June 16, 2016

  • Obama's June 14 speech

    I'm kind of cheap when it comes to paying for on-line readership, but who can afford to pay for very many of the newspapers and magazines one wants to look at on the web?  So anyway, the New Yorker magazine lets me see a few articles for free each month, and I was delighted to read John Cassidy's analysis of President Obama's remarks on Tuesday.  I'm reprinting it below, with huge apologies to The New Yorker for sharing its content with my readers.  First, a few of my thoughts.  Barbara and I were sitting at the dining room table, focused on other matters but listening to the President as sort of background noise.  I was afraid that Obama would be in for (unfair) criticism for what sounded like a self-congratulatory recitation of the fight against ISIS in view of the escalation of terrorizing events on U.S. soil.  But when Obama came to the rousing and angry finish, my ears perked up and then even more of me perked up.  I stood at attention in front of the TV and soaked it all in.  One final remark:  although he didn't mention specifically the internment camps for citizens of Japanese descent during World War II, I'm sure he was thinking especially of them when he got to the part about how we've historically mistreated some of our citizens.
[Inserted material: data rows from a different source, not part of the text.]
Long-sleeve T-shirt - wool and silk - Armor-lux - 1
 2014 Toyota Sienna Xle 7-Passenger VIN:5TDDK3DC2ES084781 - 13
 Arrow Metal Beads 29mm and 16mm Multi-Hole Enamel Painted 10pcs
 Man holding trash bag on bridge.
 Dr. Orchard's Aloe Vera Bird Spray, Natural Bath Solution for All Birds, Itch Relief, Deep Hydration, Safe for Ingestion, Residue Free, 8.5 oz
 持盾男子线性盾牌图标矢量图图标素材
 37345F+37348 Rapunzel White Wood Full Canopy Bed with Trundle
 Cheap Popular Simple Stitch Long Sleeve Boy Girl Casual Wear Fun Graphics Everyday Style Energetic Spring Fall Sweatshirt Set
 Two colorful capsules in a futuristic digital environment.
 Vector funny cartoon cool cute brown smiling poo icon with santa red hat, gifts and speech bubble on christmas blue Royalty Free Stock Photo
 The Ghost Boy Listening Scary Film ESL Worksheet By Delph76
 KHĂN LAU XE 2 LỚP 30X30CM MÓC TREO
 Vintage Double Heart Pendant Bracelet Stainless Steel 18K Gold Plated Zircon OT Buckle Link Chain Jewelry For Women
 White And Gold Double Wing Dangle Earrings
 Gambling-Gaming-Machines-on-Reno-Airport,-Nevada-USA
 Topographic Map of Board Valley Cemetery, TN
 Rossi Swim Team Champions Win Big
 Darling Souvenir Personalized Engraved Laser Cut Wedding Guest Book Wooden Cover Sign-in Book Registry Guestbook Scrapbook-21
    And now, here is Mr. Cassidy's report:

    This morning, I took a mental-health break from coverage of the attack that took place in Orlando over the weekend. But, at lunchtime, when I turned on NY1 to check the local news, there was President Obama, looking as ticked off and impassioned as we’ve ever seen him. Gone were the lofty detachment and professorial tone that sometimes characterize his oration. In their place were flashing eyes, hand gestures, and a tone that varied from urgency to anger. Speaking for about twenty-five minutes, Obama delivered a ringing defense of his approach to terrorism and a stinging denouncement of Donald Trump and all that he stands for.

    Whether Obama intended to deliver such a consequential address, I’m not entirely sure. At times, he appeared to be ad-libbing. But his remarks, which were delivered from a podium in the Treasury Department, where he had met with his national-security staff, turned into perhaps the most important address he has given this year. Indeed, historians may look back on it as one of the defining speeches of his Presidency.

    Obama didn’t utter Trump’s name. He didn’t need to. Instead, he began by saluting the Orlando victims and their families. He described the shooter, whom he also didn’t name, as “an angry, disturbed, unstable young man who became radicalized.” By their nature, lone-wolf attacks are hard to stop, Obama pointed out, and he praised the law-enforcement and intelligence efforts that go into preventing them. But, he added, “We are all sobered by the fact that, despite the extraordinary hard work, something like Orlando can occur.”

    At this stage, Obama was his usual self: calm and meticulous. Referring to some written notes, he delivered an update on the military campaign against isis (isil, in the President’s parlance), saying, “This continues to be a difficult fight, but we are making significant progress.” The group, he said, was “under more pressure than ever before,” and had lost more than a hundred and twenty of its military commanders and nearly half of the populated territory that it once held in Iraq. “And it will lose more,” he added.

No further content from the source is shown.